Assuming that Hodges preserved the question, "recusal is generally left to the discretion of the trial judge and an abuse of that discretion must be shown to reverse a decision not to allow recusal." Haddad v. Gonzalez, 410 Mass. 855, 862 (1991) (citations omitted). We find no indication on the record before us that the trial judge displayed any partiality or that the judge otherwise abused discretion by declining to recuse herself.

We are unable meaningfully to review Hodges's assertion that certain of the trial judge's findings are clearly erroneous because Hodges did not include in her appendix a complete trial transcript. Mass. R. A. P. 18 (a), as amended, 425 Mass. 1602 (1997). M.M. v. D.A., 79 Mass. App. Ct. 197, 207 (2011) (by failing to provide appellate court with complete transcripts, appellant cannot argue judge's finding is unsupported by evidence). In any event, and assuming that questions pertaining to possession remain live,6 on close review of such materials as are before us we are satisfied that the judge's findings are well supported and cannot otherwise be deemed clearly erroneous.

While the docket reflects that Hodges filed multiple postjudgment notices of appeal, the only notice appearing in the record before us specifies that it is from "the judgment which entered against [Hodges] on December 16, 2016." In addition, we observe that for the most part Hodges raises no arguments addressing any of the postjudgment orders that might conceivably be the subject of any of her additional notices. Accordingly, with the single exception noted below, such matters are not before us. Mass. R. A. P. 16 (a) (4), as amended, 367 Mass. 921 (1975) ("The appellate court need not pass upon questions or issues not argued in the brief"). Mass. R. A. P. 18 (a) (duty of appellant to provide adequate appendix). Bayless v. TTS Trio Corp., 474 Mass. 215, 219 n.9 (2016).

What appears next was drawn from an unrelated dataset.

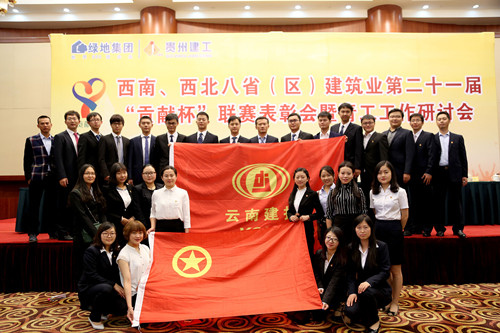 公司滇南中心城市群現(xiàn)代有軌電車(chē)示范線項(xiàng)目部青年突擊隊(duì)獲“十大最贊青年”榮譽(yù)稱(chēng)號(hào)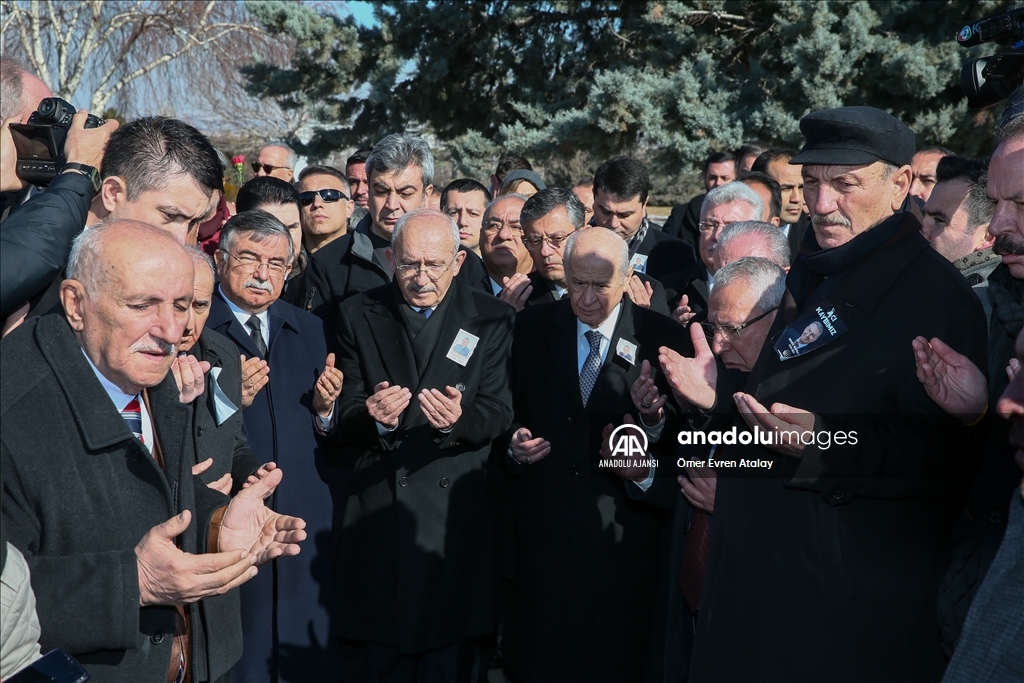 Eski CHP Genel Başkanı ve Antalya Milletvekili Baykal, Devlet Mezarlığına defnedildi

In light of our conclusion that the judgment of possession will be affirmed, we need not address Hodges's argument that the injunction entered February 2, 2017, which resulted in Hodges's physical removal from the premises, was erroneously entered. To the extent we have not specifically commented, we have considered Hodges's remaining arguments and found them to be without merit.

Judgment affirmed.

Order entered February 2, 2017, affirmed.